§ **Data segment**:
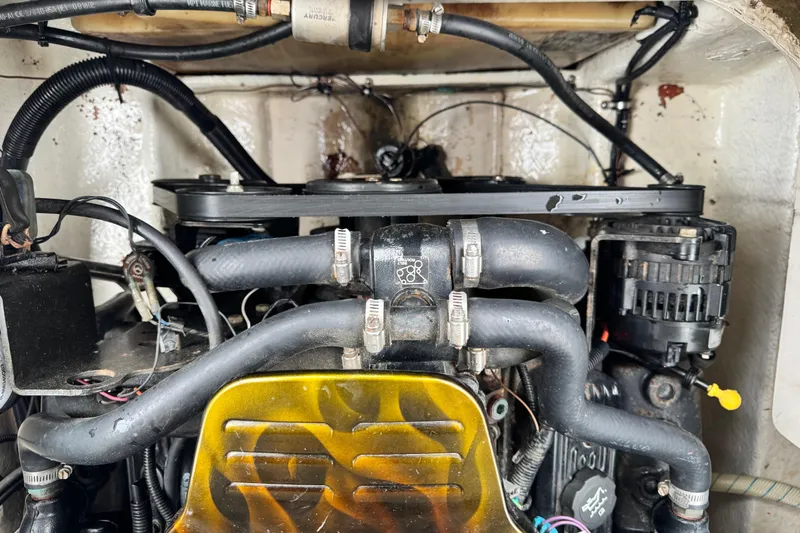 Slide: The Image of Engine compartment of a 2003 Sea Ray 240 Sundeck, showcasing hoses and components. - 21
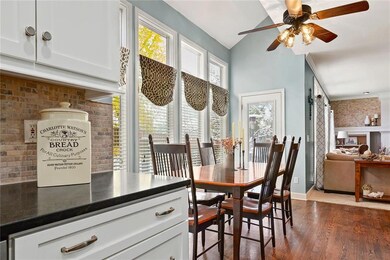 Large Eating Area & Bright Wall of Windows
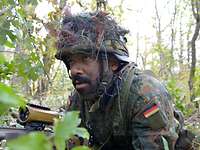 Ein Soldat liegt hinter einem Maschinengewehr MG5 im Wald in Stellung und beobachtet.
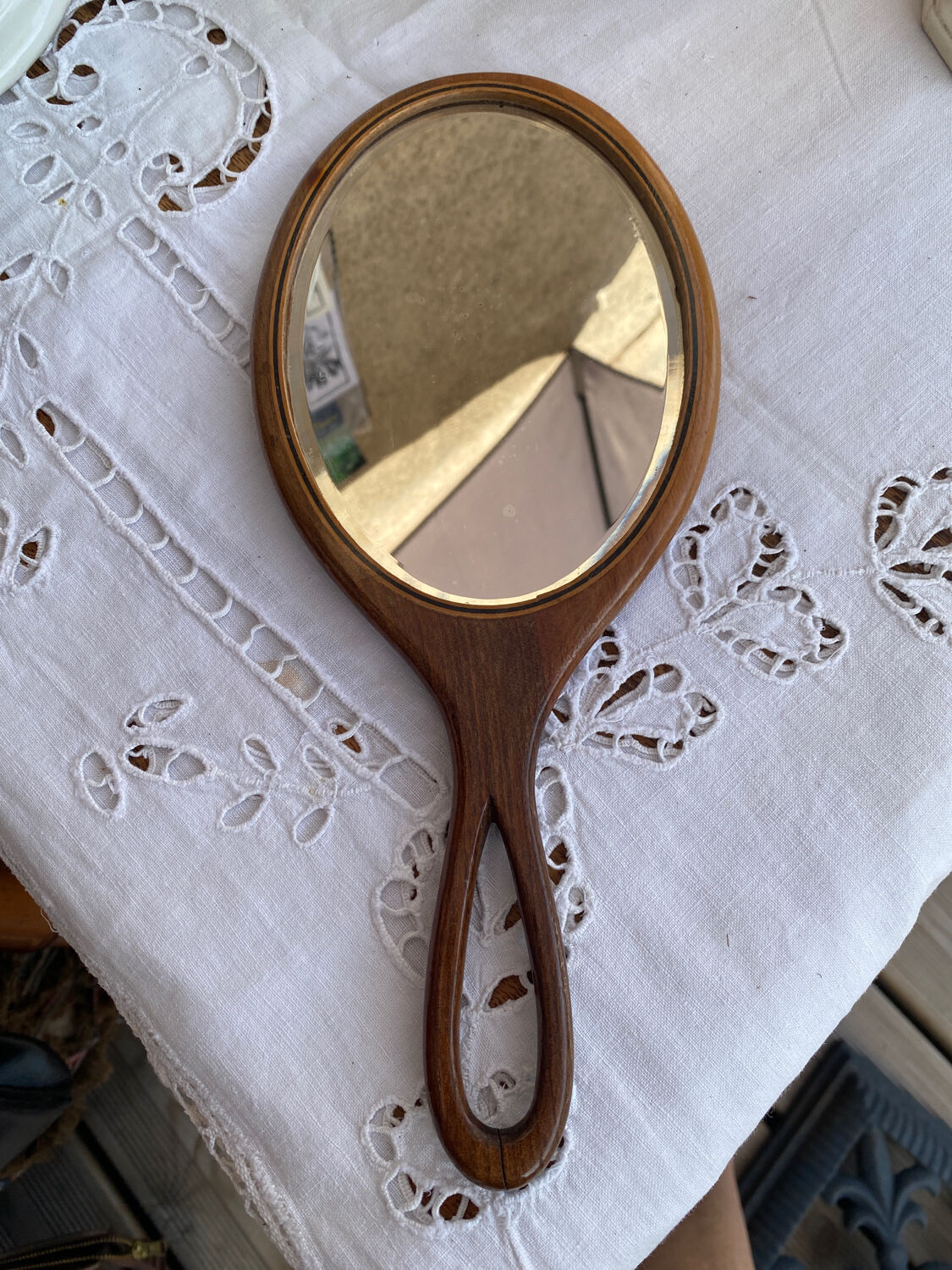 Hand-facing wooden mirror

§ **The problem**: Only the pictures are to be dropped; all other material above must be repeated exactly.

§ **Finished exercise**:
 Slide: The Image of Engine compartment of a 2003 Sea Ray 240 Sundeck, showcasing hoses and components. - 21
 Large Eating Area & Bright Wall of Windows
 Ein Soldat liegt hinter einem Maschinengewehr MG5 im Wald in Stellung und beobachtet.
 Hand-facing wooden mirror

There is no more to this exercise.